# Lateral Cutters



## mpm (Nov 16, 2010)

Any of you guys doing lining use a lateral cutter to reinstate from the main such as a Dancutter? 

I'm looking at getting one because I don't always have access through the backside like if the branch line is a tub drain.

The Dancutter seems popular but I've heard it breaks a lot. Was hoping someone had some experience with it and / or some others.

Mostly reinstating in 3-6" pipe.


----------



## gear junkie (Jun 20, 2008)

No experience with it but look into Try-Tek.


----------



## bulldozer (Jan 11, 2009)

We use the Try-tek and the Picote. We have had pretty good luck with both. Im also looking at the Dancutter and would love to get some real feedback on it. Its amazing the money you can dump in these things.


----------



## mpm (Nov 16, 2010)

bulldozer said:


> We use the Try-tek and the Picote. We have had pretty good luck with both. Im also looking at the Dancutter and would love to get some real feedback on it. Its amazing the money you can dump in these things.


I was looking at the Try-Tek actually.

I have Nu Flow's reinstatement cutters.
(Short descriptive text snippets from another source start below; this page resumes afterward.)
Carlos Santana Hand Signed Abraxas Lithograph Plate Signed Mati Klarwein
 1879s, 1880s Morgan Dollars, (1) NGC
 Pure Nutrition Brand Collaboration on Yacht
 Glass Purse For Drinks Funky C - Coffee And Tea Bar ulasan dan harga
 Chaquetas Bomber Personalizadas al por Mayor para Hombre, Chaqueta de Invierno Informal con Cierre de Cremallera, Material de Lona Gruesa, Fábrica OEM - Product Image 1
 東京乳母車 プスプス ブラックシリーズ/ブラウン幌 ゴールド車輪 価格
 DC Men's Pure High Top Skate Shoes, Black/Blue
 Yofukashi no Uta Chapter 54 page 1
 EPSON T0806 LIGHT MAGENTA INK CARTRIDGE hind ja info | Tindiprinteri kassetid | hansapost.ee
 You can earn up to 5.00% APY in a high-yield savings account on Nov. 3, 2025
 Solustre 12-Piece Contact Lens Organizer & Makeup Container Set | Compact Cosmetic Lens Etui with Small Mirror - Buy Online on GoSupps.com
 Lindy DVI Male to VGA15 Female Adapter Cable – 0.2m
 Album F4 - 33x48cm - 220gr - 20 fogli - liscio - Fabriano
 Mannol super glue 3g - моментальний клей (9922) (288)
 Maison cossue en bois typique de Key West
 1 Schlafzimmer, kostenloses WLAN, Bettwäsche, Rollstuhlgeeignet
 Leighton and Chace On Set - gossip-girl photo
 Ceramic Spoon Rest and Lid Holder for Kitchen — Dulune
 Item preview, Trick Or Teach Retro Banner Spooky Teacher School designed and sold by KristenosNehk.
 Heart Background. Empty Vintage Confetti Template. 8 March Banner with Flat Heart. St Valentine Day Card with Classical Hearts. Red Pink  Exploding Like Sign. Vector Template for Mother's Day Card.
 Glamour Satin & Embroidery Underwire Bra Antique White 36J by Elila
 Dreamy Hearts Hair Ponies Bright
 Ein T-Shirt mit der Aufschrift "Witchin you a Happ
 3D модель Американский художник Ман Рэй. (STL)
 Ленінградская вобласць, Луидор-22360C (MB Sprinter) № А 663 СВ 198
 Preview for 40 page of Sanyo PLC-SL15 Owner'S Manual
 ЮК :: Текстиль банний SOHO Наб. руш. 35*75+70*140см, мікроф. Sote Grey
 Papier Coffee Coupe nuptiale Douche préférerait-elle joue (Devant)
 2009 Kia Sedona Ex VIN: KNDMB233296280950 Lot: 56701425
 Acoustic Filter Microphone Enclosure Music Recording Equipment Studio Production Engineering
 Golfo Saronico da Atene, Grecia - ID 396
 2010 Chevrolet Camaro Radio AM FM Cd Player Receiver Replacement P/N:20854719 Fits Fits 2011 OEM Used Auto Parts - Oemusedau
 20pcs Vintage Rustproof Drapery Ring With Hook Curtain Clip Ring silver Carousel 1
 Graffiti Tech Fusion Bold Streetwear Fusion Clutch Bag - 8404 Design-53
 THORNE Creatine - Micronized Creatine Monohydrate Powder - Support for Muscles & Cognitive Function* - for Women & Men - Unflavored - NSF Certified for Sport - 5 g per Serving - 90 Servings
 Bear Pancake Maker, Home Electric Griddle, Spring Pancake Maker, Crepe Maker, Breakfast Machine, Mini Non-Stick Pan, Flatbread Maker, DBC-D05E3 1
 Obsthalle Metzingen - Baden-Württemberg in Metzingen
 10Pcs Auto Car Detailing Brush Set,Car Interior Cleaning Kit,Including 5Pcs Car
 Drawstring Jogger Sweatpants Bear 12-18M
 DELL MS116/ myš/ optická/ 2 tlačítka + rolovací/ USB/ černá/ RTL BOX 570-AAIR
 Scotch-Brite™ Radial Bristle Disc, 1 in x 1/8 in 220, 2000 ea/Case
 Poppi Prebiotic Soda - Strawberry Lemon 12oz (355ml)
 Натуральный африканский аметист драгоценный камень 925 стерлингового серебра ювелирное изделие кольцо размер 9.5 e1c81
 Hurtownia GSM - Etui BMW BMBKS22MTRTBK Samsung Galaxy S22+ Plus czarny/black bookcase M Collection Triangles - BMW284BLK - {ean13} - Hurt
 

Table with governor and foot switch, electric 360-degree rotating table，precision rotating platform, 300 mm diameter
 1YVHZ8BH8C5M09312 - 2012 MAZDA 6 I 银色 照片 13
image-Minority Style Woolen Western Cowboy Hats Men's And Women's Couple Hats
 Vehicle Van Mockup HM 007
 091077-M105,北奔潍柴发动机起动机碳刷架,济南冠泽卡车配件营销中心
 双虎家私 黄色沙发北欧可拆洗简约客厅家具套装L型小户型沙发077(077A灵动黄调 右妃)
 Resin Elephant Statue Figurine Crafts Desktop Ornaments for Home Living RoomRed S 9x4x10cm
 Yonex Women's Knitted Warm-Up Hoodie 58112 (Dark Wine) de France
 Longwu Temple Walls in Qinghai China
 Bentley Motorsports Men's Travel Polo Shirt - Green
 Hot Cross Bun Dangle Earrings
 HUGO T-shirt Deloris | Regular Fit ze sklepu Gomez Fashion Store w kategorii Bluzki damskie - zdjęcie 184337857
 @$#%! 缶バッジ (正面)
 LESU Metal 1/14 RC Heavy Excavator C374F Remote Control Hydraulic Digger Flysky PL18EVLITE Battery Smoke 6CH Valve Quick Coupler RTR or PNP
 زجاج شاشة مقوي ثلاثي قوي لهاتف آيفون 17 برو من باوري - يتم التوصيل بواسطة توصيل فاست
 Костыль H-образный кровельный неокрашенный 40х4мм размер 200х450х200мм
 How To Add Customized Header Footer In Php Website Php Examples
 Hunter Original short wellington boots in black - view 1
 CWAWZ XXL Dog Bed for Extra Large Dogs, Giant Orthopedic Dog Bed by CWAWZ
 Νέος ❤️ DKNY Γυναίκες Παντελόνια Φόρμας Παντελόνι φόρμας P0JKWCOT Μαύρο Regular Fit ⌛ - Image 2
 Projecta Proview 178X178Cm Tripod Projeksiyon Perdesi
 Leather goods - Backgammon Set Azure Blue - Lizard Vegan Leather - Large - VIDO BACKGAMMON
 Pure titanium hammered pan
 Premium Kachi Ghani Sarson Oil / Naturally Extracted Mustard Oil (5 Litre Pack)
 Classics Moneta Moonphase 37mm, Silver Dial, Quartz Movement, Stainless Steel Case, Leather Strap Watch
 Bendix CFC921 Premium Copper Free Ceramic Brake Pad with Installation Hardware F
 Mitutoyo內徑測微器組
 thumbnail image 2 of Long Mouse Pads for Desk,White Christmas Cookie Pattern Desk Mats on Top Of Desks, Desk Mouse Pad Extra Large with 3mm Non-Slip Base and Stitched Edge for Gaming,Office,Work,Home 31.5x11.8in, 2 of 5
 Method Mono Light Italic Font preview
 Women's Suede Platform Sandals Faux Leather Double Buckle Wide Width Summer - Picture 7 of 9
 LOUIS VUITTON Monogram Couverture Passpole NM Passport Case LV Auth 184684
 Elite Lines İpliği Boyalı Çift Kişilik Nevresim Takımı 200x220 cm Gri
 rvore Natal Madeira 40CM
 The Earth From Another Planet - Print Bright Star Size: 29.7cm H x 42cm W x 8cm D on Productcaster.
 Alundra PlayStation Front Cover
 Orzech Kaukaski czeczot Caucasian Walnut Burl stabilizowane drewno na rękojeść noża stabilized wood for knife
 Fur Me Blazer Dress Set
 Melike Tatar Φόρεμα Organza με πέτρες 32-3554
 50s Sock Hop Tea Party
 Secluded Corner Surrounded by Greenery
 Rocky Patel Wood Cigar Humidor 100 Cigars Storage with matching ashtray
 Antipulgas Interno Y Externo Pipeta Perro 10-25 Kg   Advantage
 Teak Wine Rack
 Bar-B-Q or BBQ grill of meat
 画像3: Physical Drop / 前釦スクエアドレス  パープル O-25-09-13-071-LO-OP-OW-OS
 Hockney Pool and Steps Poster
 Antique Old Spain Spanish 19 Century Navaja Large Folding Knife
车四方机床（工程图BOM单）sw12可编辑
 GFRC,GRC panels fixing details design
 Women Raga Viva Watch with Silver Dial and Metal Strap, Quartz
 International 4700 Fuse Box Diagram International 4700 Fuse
It works well, except that, like the picote you can't get the cables through traps. Which means you're gapping those fittings which I'm not always particularly fond of.

How to you like the Try Tek? Is it reliable. Which model do you have? If you don't mind me asking what did it run you?


----------



## bulldozer (Jan 11, 2009)

We have the 80. So far so good havent had a chance to really use it alot. I here you on the trap problem. If your going to invest in a lateral cutter i suggest really practicing in your shop on some lined pipe first. The jobsite is not the place to learn! I have a few jobs coming up and i will post some videos.


----------



## mpm (Nov 16, 2010)

bulldozer said:


> We have the 80. So far so good havent had a chance to really use it alot. I here you on the trap problem. If your going to invest in a lateral cutter i suggest really practicing in your shop on some lined pipe first. The jobsite is not the place to learn! I have a few jobs coming up and i will post some videos.


I was looking at the 80 myself. Gonna call them in the morning for a quote. I'm looking at that or the Dancutter Superflex. We do run into 3" here so I want the machine to be able to tackle that.

Always practice in the shop. Get all the kinks out that way.


----------



## bulldozer (Jan 11, 2009)

I wish i would have waited for the cleaner show. Not that i would save a ton of money but you can compare apples and oranges a little easier. I like the dan cutter to. I dont do enough re-instating to go all out and go with a big boy cutter. You are welcome to come down and play with ours if your in the area.


----------